Le preguntamos a Enrique de Hériz, a José Ovejero, españoles, y a Juan Gabriel Vásquez, colombiano que vive en España, sobre el ego propio. Vásquez no podría escribir "sin algún elemento de egocentrismo, sin algo de confianza en ti mismo. ¡Imagínate, cómo estarías dos años haciendo algo que la gente no conoce sin creer algo en lo que escribes!" Uno escribe un libro para que compita, "con Joyce, con Philip Roth, ¡pero al final te sale sólo Vasquez!, o terminas siendo Paulo Coelho, lo que puede ser aún más fastidiado". El ego es la ambición, dice Ovejero. "Eres ambicioso mientras escribes y humilde cuando has terminado, y hay otros que se comportan a la viceversa? Pero para tener ambición has de tener cierta vanidad. Claro que hay momentos en que digo, coño, me va saliendo?" Hériz: "Nuestras obras han de ser mejores que nosotros, por fuerza?" Fue editor, acaso por eso Añade: "La única manera de convertir lo que haces en materia de promoción es cierto grado de egocentrismo; y has de escribir con alegría y con miedo. Ser ambicioso escribiendo, no tanto publicando. Escribir es picar piedra. Y tener esta constancia: La obra será buenísima si tú eres humilde".

Pero no hay que asustarse, el ego existe desde que la humanidad escribió la primera letra. William Ospina, colombiano, acaso el escritor de su generación con más prestigio en América Latina, el único que le corrige (de veras) a Gabriel García Márquez, lo tiene diáfano: "El lenguaje es un instrumento con el que los escritores se buscan a sí mismos, y una vez que se encuentran hacen lo posible por no ser ellos sino por parecerse al rostro de la humanidad".

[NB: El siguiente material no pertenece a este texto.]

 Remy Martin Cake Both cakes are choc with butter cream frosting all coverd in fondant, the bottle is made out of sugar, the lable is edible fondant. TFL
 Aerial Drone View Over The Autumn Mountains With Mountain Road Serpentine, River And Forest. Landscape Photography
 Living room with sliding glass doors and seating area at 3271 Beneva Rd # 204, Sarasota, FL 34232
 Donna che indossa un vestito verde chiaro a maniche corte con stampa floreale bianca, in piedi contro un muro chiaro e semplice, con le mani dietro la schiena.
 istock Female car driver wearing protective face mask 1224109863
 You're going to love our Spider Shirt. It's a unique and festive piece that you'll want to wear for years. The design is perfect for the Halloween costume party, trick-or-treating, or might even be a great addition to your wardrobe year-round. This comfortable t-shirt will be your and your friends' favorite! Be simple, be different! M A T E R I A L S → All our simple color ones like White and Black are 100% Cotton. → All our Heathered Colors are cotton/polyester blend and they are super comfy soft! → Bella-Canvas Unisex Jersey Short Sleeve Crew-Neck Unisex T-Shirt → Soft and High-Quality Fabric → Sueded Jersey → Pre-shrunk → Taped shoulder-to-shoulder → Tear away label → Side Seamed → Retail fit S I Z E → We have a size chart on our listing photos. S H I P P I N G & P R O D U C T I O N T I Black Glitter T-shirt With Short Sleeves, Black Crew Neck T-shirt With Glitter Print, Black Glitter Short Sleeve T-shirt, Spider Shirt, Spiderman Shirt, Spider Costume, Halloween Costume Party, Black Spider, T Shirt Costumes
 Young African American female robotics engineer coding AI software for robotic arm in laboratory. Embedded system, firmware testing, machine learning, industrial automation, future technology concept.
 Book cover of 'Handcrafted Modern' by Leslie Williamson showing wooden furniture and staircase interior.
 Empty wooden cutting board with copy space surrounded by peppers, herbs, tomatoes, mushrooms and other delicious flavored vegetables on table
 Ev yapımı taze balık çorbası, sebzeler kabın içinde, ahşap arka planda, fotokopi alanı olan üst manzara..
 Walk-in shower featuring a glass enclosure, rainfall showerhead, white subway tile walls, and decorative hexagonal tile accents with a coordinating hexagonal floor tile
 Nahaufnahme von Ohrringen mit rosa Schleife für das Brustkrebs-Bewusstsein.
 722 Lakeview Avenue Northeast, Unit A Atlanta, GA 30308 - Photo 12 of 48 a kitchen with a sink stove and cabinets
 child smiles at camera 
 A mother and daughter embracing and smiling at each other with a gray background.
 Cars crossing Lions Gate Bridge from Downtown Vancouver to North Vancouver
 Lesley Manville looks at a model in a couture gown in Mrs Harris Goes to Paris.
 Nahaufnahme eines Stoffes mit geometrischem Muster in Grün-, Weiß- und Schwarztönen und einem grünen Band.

Sureda dijo, mirando los fotos de Mordzinsky, que los buenos escritores salen bien en las fotos. ¿Salen bien en las fotos todos los escritores? Por allí, por Cartagena de Indias, había un fotógrafo haciendo fotos de los escritores en los espejos de los retretes. Otros se hacían sus autorretratos, escritos o hablados. Homero Aridjis, que nos refirió al principio los egos revueltos en torno a Ezra Pound, se sabía esa anécdota del pintor mexicano José Luis Cuevas, que durante decenios de su vida, día tras día, día tras día, se autorretrató con una cámara, con una satisfacción: "Cree que nunca salió mal, en ninguna foto".

"Se empieza a escribir a partir del ego", concluía Aridjis, "y ese ego permanece inmóvil o se va transformando. A veces te convierte en un superviviente, y es un escudo interior que te defiende del paso del tiempo, pero sucumbe al fin, en medio de los desengaños y ante la muerte". Por eso hace años que colgó ese aforismo en el espejo: "Rompí el espejo, no creo en mi mismo".

A su lado, el poeta colombiano Juan Gustavo Cobo Borda, que el altísimo y enorme, y ha estudiado el ego propio y el ajeno, dijo en voz alta: "Sin ego no existes, es, como dice Darío, el que aglutina la esquizofrenia". ¿Egos revueltos? "Peor", dice Cobo, "es comer mierda. El ego por lo menos sabe dulce".